For immediate release
30 November 2012
JPMorgan American Investment Trust plc
(the "Company")
Results of Placing and Total Voting Rights
Further to the Company's announcement earlier today, the Board of Directors is pleased to announce that the Company has raised approximately £4.6m before expenses pursuant to a non pre-emptive placing of shares (the "Placing"). A total of 503,500 new ordinary shares will be issued at the issue price of 913.5p per share (the "Issue Price").
The Company has decided to issue shares at a smaller premium of 1.02%, as a result of good demand for shares, rather than at the likely indicated premium announced yesterday of 1.25%. The ability to issue a greater number of shares at the Issue Price incorporating a marginally lower premium to NAV is more beneficial to the Company than if it had proceeded with a Placing and issued fewer Shares at a marginally higher premium to NAV.
Application has been made for the new ordinary shares to be admitted to the premium segment of the Official List of the UK Listing Authority and to trading on the main market for listed securities of the London Stock Exchange. Dealings in the new ordinary shares are expected to commence on 5 December 2012 ("Admission").
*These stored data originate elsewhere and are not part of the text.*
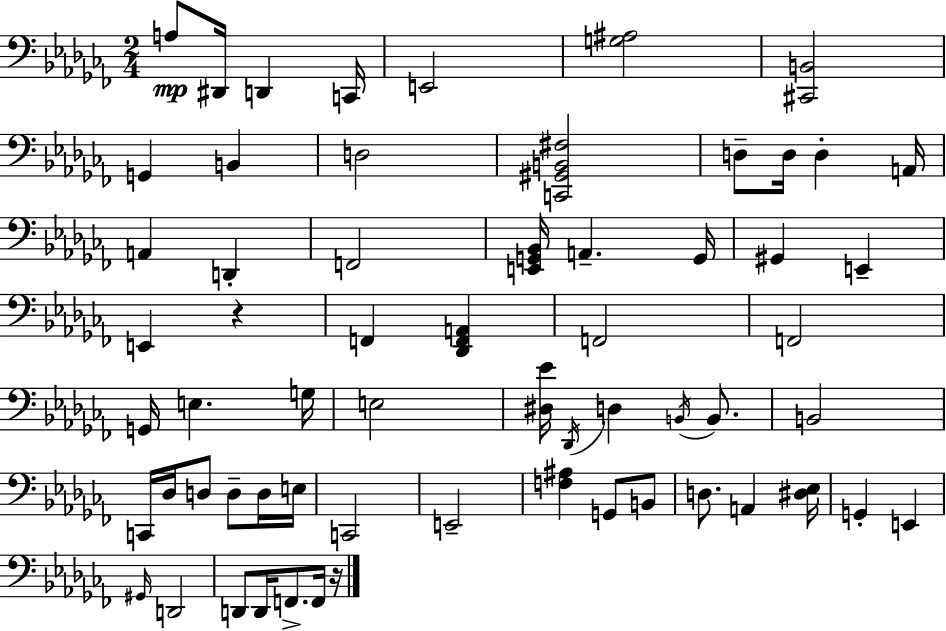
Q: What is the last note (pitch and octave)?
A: F2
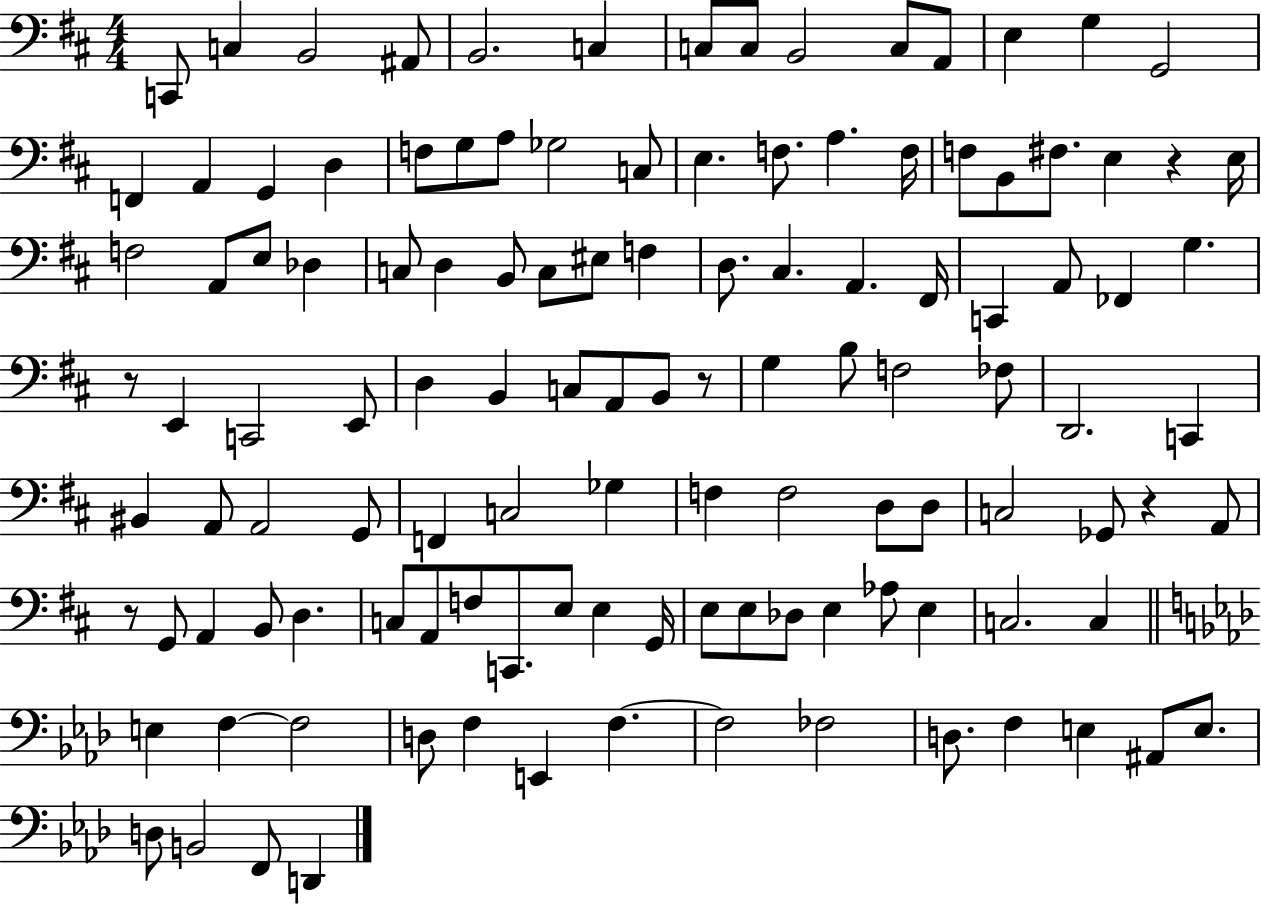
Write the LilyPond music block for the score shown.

{
  \clef bass
  \numericTimeSignature
  \time 4/4
  \key d \major
  c,8 c4 b,2 ais,8 | b,2. c4 | c8 c8 b,2 c8 a,8 | e4 g4 g,2 | \break f,4 a,4 g,4 d4 | f8 g8 a8 ges2 c8 | e4. f8. a4. f16 | f8 b,8 fis8. e4 r4 e16 | \break f2 a,8 e8 des4 | c8 d4 b,8 c8 eis8 f4 | d8. cis4. a,4. fis,16 | c,4 a,8 fes,4 g4. | \break r8 e,4 c,2 e,8 | d4 b,4 c8 a,8 b,8 r8 | g4 b8 f2 fes8 | d,2. c,4 | \break bis,4 a,8 a,2 g,8 | f,4 c2 ges4 | f4 f2 d8 d8 | c2 ges,8 r4 a,8 | \break r8 g,8 a,4 b,8 d4. | c8 a,8 f8 c,8. e8 e4 g,16 | e8 e8 des8 e4 aes8 e4 | c2. c4 | \break \bar "||" \break \key aes \major e4 f4~~ f2 | d8 f4 e,4 f4.~~ | f2 fes2 | d8. f4 e4 ais,8 e8. | \break d8 b,2 f,8 d,4 | \bar "|."
}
Following Admission, the Company will have a market capitalization (at the Issue Price) of approximately £457.6 million.
Total Voting Rights
Following Admission, the total issued share capital of the Company will consist of 50,091,592 ordinary shares with voting rights. This figure may be used by shareholders as the denominator for the calculation by which they will determine whether they are required to notify their interest in, or a change to their interest in, the Company under the FSA's Disclosure and Transparency Rules.
End
For further information please contact:
JPMorgan Asset Management (UK) Limited +44 (0) 20 7742 3418
Craig Cleland
Canaccord Genuity Limited +44 (0) 20 7523 8000
Robbie Robertson/Andrew Zychowski/
Neil Brierley/Will Barnett
IMPORTANT INFORMATION
THE ORDINARY SHARES THAT ARE THE SUBJECT OF THE PLACING (THE "PLACING SHARES") ARE NOT BEING OFFERED OR SOLD TO ANY PERSON IN THE EUROPEAN UNION, OTHER THAN TO "QUALIFIED INVESTORS" AS DEFINED IN ARTICLE 2.1(E) OF DIRECTIVE 2003/71/EC (THE "PROSPECTUS DIRECTIVE"), WHICH INCLUDES LEGAL ENTITIES WHICH ARE REGULATED BY THE FINANCIAL SERVICES AUTHORITY (THE "FSA") OR ENTITIES WHICH ARE NOT SO REGULATED WHOSE CORPORATE PURPOSE IS SOLELY TO INVEST IN SECURITIES.
The Placing Shares have not been and will not be registered under the United States Securities Act of 1933, as amended (the "Securities Act") or under the securities laws of any state or other jurisdiction of the United States and may not be offered, sold, resold or delivered, directly or indirectly, in or into the United States or to or for the benefit of U.S. Persons (as such term is defined in Rule 902 of Regulation S under the Securities Act ("Regulation S")) absent registration, except pursuant to an exemption from or in a transaction not subject to the registration requirements of the Securities Act. No public offering of the Placing Shares is being made in the United States. The Placing is being made outside the United States in offshore transactions (as defined in Regulation S) meeting the requirements of Regulation S under the Securities Act. Persons receiving this document (including custodians, nominees and trustees) must not forward, distribute, mail or otherwise transmit it in or into the United States or use the United States mails, directly or indirectly, in connection with the Placing.
This document does not constitute an offer to sell or issue or a solicitation of an offer to buy or subscribe for Placing Shares in any jurisdiction including, without limitation, the United States, Canada, Australia, the Republic of South Africa, New Zealand, the Republic of Ireland or Japan or any other jurisdiction in which such offer or solicitation is or may be unlawful (a "Prohibited Jurisdiction"). This document and the information contained herein are not for publication or distribution, directly or indirectly, to persons in a Prohibited Jurisdiction unless permitted pursuant to an exemption under the relevant local law or regulation in any such jurisdiction.
Canaccord Genuity Limited, which is authorised and regulated in the United Kingdom by the Financial Services Authority, is acting for JPMorgan American Investment Trust plc and for no one else in connection with the Placing and will not be responsible to anyone other than JPMorgan American Investment Trust plc for providing the protections afforded to clients of Canaccord Genuity Limited or for affording advice in relation to the Placing, or any other matters referred to herein.